Abstract

BackgroundHypoxia-inducible factor 1alpha (HIF-1α) is implicated in the cell’s response to hypoxia. We investigated whether serum HIF-1α concentrations are correlated with the severity and clinical outcome of severe traumatic brain injury (sTBI). MethodsSerum HIF-1α concentrations were quantified in 104 sTBI patients and 80 healthy controls. Trauma severity was assessed using Glasgow coma scale (GCS). Glasgow outcome scale (GOS) score of 1–3 at post-trauma 90 days was defined as a poor outcome. Multivariate analyses were performed to discern the relationship between serum HIF-1α concentrations and outcome. ResultsPatients displayed significantly higher serum HIF-1α concentrations than controls (median, 294.9 versus 102.7 pg/ml). HIF-1α concentrations were intimately related to GCS scores (r = -0.62) and GOS scores (r = -0.64). 48 patients (46.2%) experienced a poor outcome.

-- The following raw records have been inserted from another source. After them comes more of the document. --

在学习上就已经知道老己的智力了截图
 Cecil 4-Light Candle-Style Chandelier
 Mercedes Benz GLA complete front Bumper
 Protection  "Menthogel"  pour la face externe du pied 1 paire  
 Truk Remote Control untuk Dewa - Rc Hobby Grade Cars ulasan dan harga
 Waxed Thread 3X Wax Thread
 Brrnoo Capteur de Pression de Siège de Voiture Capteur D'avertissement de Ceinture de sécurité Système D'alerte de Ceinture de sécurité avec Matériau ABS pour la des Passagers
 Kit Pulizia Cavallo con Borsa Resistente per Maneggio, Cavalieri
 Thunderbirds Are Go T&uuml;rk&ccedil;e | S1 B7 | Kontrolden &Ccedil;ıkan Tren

Serum HIF-1α concentrations > 280.2 pg/ml significantly distinguished patients with the development of poor outcome with 77.1% sensitivity and 69.6% specificity (AUC, 0.750; 95% CI: 0.655–0.829). Serum HIF-1α concentrations > 280.2 pg/ml emerged as an independent predictor for poor outcome (OR: 4.179; 95% CI: 1.024–17.052). ConclusionsSerum HIF-1α concentrations are tightly associated with trauma severity and poor 90-day outcome, substantializing serum HIF-1α as a promising prognostic biomarker for sTBI.